BERITA

Ketua RT 27 Karang Mumus Pastikan Pro-Bebaya Transparan, Wali Kota Samarinda Tegaskan Isu Penyimpangan Adalah Hoaks

SOROTMATA.ID – Ketua RT 27 Kelurahan Karang Mumus, Ibu Rosita Purlina, menegaskan pelaksanaan Program Pembangunan dan Pemberdayaan Masyarakat (Pro-Bebaya) di wilayahnya berjalan baik, transparan, serta sesuai dengan ketentuan yang berlaku.

Ia menyebut seluruh kegiatan dilaksanakan dengan melibatkan warga secara langsung sejak tahap perencanaan hingga pelaksanaan.

“Semua usulan dibahas bersama dalam rembuk warga, dihadiri Pak Lurah dan perangkat kelurahan. Warga juga ikut andil dalam pengusulan, jadi semuanya transparan,” ujar Rosita, Minggu (9/11/2025).

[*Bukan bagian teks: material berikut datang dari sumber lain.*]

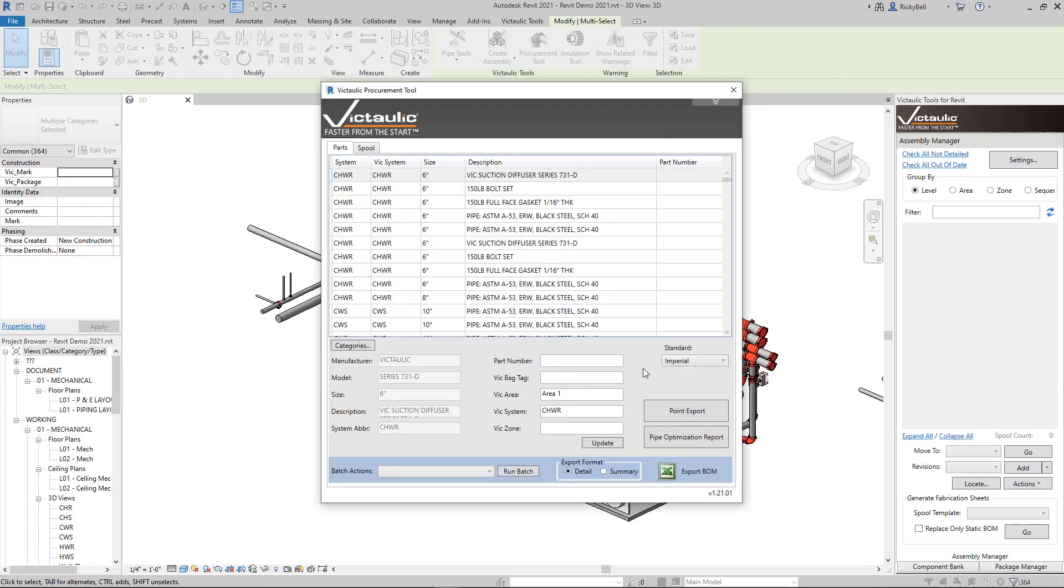So that's the Victaulic Procurement Tool. It's a selection-based bill of material tool with options for point exports, pipe optimization, and customized data tables. Thank you so much for watching.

Menurutnya, Pro-Bebaya membawa manfaat besar bagi masyarakat. Selain memperbaiki infrastruktur lingkungan, program ini juga menumbuhkan kembali semangat gotong royong dan kepedulian sosial warga.

“Lewat program ini, jalan lingkungan masjid sudah disemen, tidak becek lagi. Warga jadi lebih nyaman dan senang,” tuturnya.

Rosita mengungkapkan bahwa setiap tahap kegiatan dilakukan melalui rembuk warga dan melibatkan Kelompok Masyarakat (Pokmas) yang dibentuk secara terbuka.

Anggaran digunakan sesuai dengan kebutuhan yang telah disepakati bersama dan diawasi oleh masyarakat sendiri.

“Pokmas yang melaksanakan kegiatan, sementara kami di RT dan kelurahan memantau bersama. Tidak ada yang disembunyikan,” jelasnya.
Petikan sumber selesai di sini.